■ PROVIDED INFORMATION
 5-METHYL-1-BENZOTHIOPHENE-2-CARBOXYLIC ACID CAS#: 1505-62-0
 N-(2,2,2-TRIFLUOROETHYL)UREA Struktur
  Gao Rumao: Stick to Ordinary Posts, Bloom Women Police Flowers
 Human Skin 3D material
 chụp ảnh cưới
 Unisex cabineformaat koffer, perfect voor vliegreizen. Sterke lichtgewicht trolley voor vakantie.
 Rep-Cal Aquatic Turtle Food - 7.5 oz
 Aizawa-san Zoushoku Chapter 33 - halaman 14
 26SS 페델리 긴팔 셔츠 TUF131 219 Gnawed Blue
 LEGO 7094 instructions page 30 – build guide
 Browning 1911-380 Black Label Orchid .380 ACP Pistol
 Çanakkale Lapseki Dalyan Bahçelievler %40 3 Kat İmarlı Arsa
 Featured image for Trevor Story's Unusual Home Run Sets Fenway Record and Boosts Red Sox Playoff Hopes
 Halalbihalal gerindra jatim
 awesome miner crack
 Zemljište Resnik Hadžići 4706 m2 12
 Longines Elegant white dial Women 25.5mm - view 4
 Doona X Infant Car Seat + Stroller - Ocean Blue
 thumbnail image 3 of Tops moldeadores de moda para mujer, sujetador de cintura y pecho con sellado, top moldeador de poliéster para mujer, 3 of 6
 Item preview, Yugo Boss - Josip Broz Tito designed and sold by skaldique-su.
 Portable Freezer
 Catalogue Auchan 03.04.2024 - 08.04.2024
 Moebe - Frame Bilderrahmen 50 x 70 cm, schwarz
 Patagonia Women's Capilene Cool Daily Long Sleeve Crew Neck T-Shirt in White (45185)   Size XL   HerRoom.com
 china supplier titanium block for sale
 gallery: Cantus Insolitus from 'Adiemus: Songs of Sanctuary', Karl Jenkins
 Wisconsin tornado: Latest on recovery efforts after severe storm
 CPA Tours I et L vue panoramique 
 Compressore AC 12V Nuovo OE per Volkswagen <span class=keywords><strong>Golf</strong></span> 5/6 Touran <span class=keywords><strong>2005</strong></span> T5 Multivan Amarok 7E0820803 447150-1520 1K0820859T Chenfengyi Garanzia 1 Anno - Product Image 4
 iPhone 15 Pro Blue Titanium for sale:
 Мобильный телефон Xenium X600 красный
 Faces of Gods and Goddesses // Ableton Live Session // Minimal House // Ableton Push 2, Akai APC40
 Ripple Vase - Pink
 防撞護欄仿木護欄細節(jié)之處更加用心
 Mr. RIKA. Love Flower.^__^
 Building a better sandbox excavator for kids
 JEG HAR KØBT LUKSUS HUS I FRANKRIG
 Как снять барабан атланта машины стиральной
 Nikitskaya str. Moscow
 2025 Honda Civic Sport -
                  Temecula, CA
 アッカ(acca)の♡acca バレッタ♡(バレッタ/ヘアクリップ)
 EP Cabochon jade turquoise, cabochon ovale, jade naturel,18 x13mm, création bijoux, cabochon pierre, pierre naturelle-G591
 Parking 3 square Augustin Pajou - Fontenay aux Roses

■ ABOUT THIS TASK
Copy out precisely the lines from the line with "Halalbihalal gerindra jatim" to the line with "china supplier titanium block for sale" in the material above, including those two lines and omitting all the rest.

■ RESULT FOR THIS EXERCISE
 Halalbihalal gerindra jatim
 awesome miner crack
 Zemljište Resnik Hadžići 4706 m2 12
 Longines Elegant white dial Women 25.5mm - view 4
 Doona X Infant Car Seat + Stroller - Ocean Blue
 thumbnail image 3 of Tops moldeadores de moda para mujer, sujetador de cintura y pecho con sellado, top moldeador de poliéster para mujer, 3 of 6
 Item preview, Yugo Boss - Josip Broz Tito designed and sold by skaldique-su.
 Portable Freezer
 Catalogue Auchan 03.04.2024 - 08.04.2024
 Moebe - Frame Bilderrahmen 50 x 70 cm, schwarz
 Patagonia Women's Capilene Cool Daily Long Sleeve Crew Neck T-Shirt in White (45185)   Size XL   HerRoom.com
 china supplier titanium block for sale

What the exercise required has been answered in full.